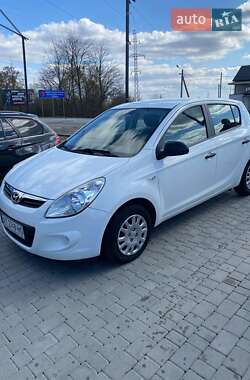 Хэтчбек Hyundai i20 2011 в 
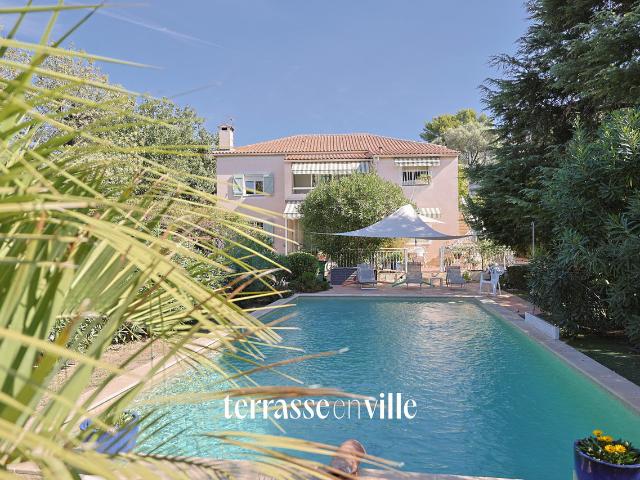 Maison 10 pièces 214 m²
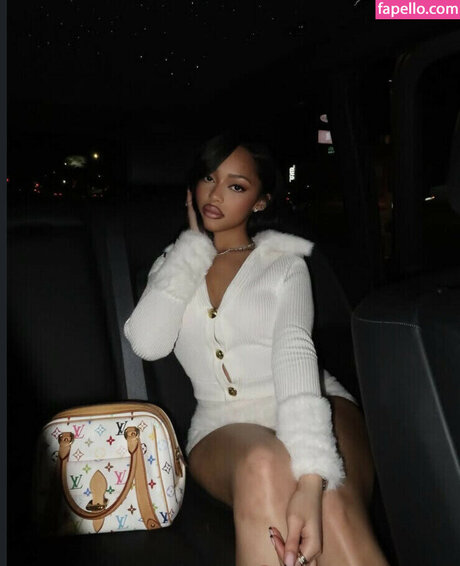 Jodie Woods Oben ohne OnlyFans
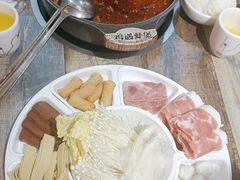 -鸡遇虾煲干锅火锅(小寨金莎店)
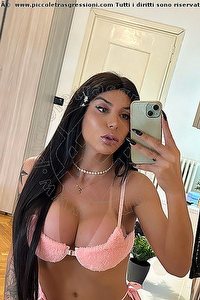 Foto selfie trans Isah Sanchez Modena 3509764350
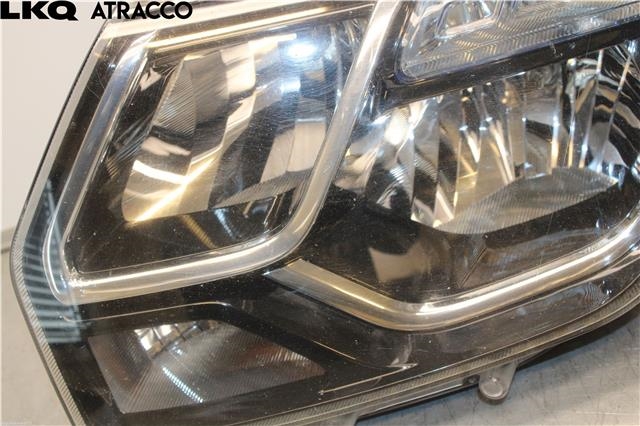 Frontlykt venstre halogen til Dacia Duster 2010-2017 (Type I) (260606709R|)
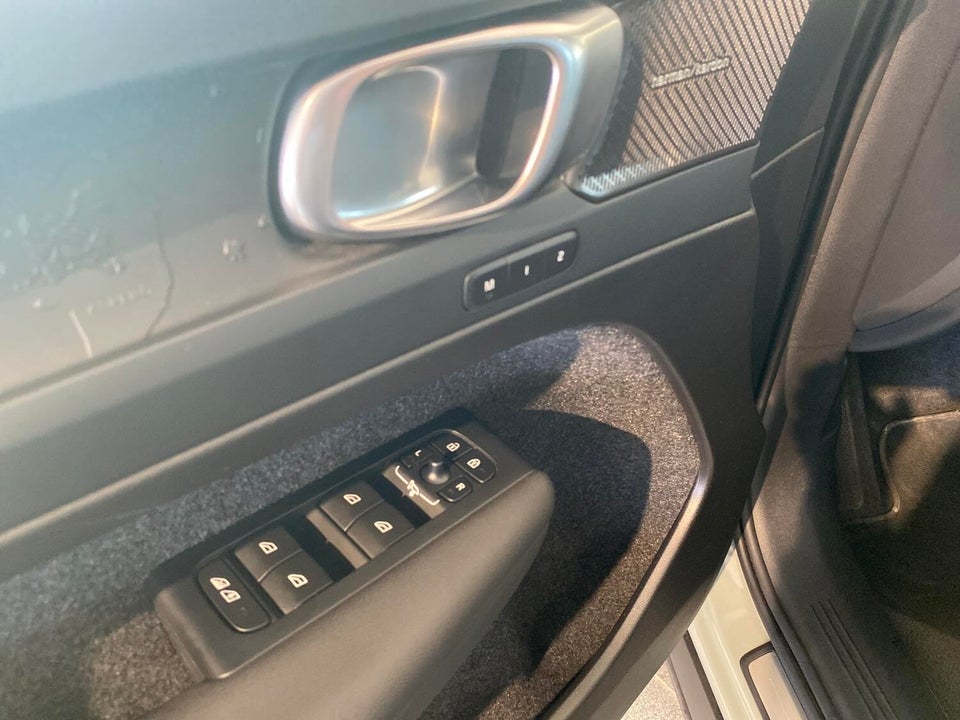 Volvo XC40 ReCharge Extended Range Ultimate 5d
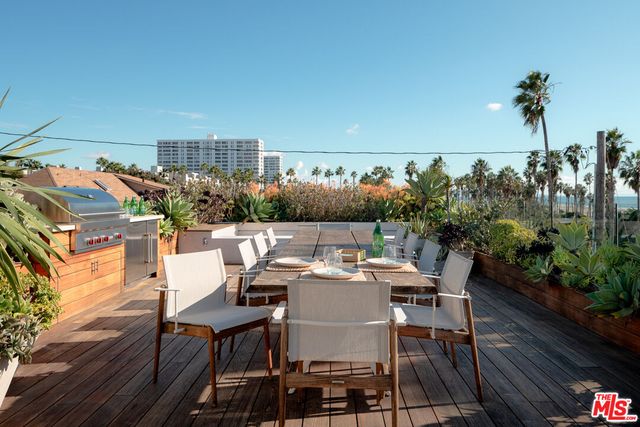 $9,499,000 | 120 Hart Avenue, Santa Monica, CA 90405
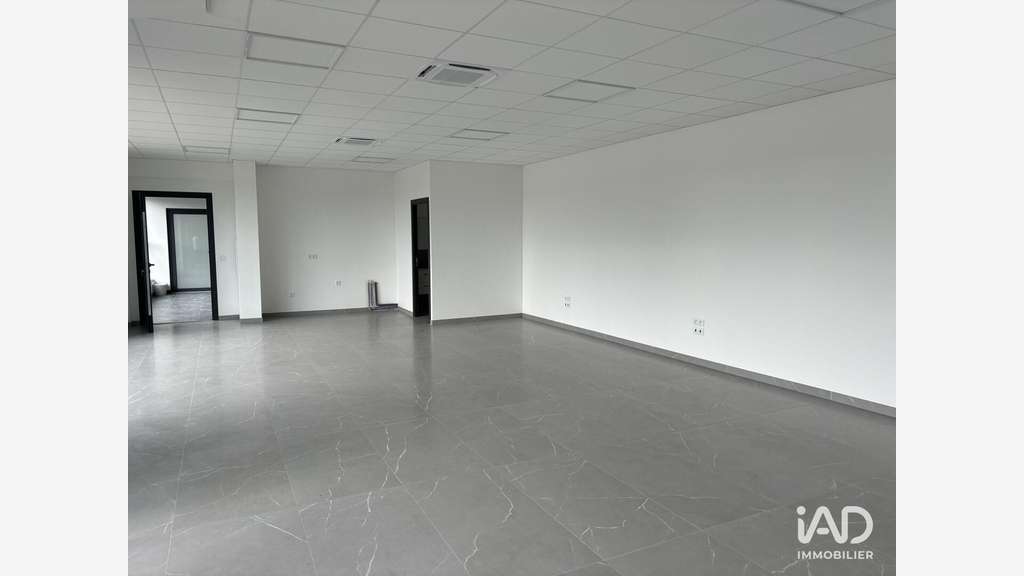 Loue local professionnel neuf de 200m² à Courtry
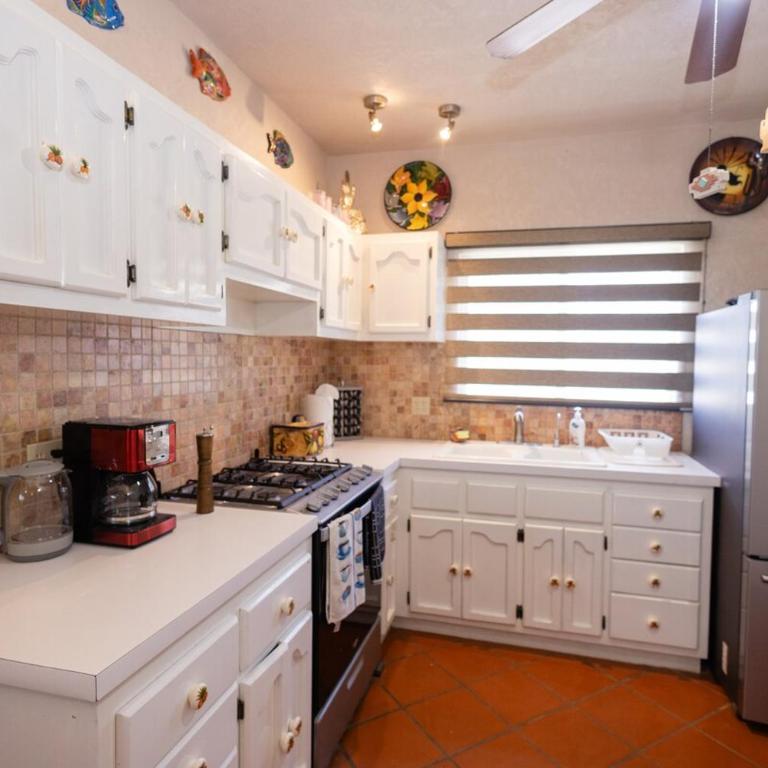 2BR stay with patio & open-air dining - Apartamento de 2 dormitorios - 31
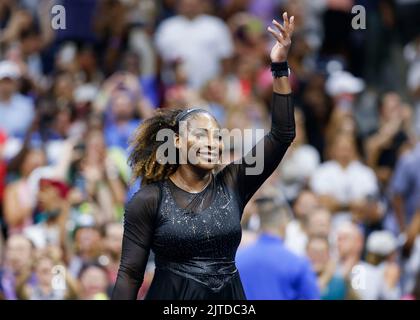 New York, USA, 29th, agosto, 2022. Tennista STATUNITENSE Serena Williams festeggia al torneo US Open presso il Billie Jean King National Tennis Center lunedì 28 agosto 2022. © Juergen Hasenkopf / Alamy Live News Foto Stock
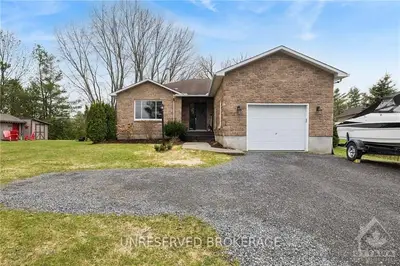 144 Levis Street, Clarence-rockland, On K0a 1e0
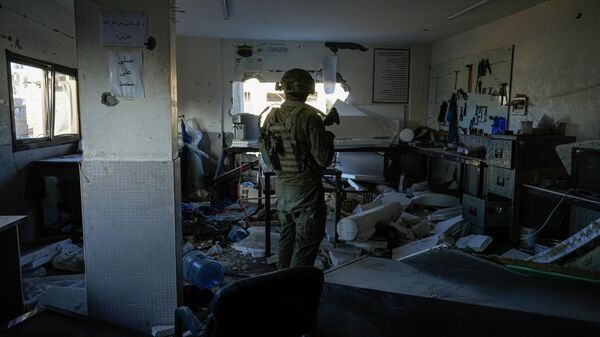 Израильский солдат во время наземной операции в секторе Газа - Sputnik Кыргызстан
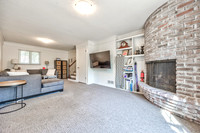 9809 Connell DR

_ _ _

■ Problem to solve
Copy out exactly the material that runs from the line with "Foto selfie trans" to the line with "144 Levis Street, Clarence-rockland, On", ends included, and leave the pictures behind.

■ Solution to this problem
 Foto selfie trans Isah Sanchez Modena 3509764350
 Frontlykt venstre halogen til Dacia Duster 2010-2017 (Type I) (260606709R|)
 Volvo XC40 ReCharge Extended Range Ultimate 5d
 $9,499,000 | 120 Hart Avenue, Santa Monica, CA 90405
 Loue local professionnel neuf de 200m² à Courtry
 2BR stay with patio & open-air dining - Apartamento de 2 dormitorios - 31
 New York, USA, 29th, agosto, 2022. Tennista STATUNITENSE Serena Williams festeggia al torneo US Open presso il Billie Jean King National Tennis Center lunedì 28 agosto 2022. © Juergen Hasenkopf / Alamy Live News Foto Stock
 144 Levis Street, Clarence-rockland, On K0a 1e0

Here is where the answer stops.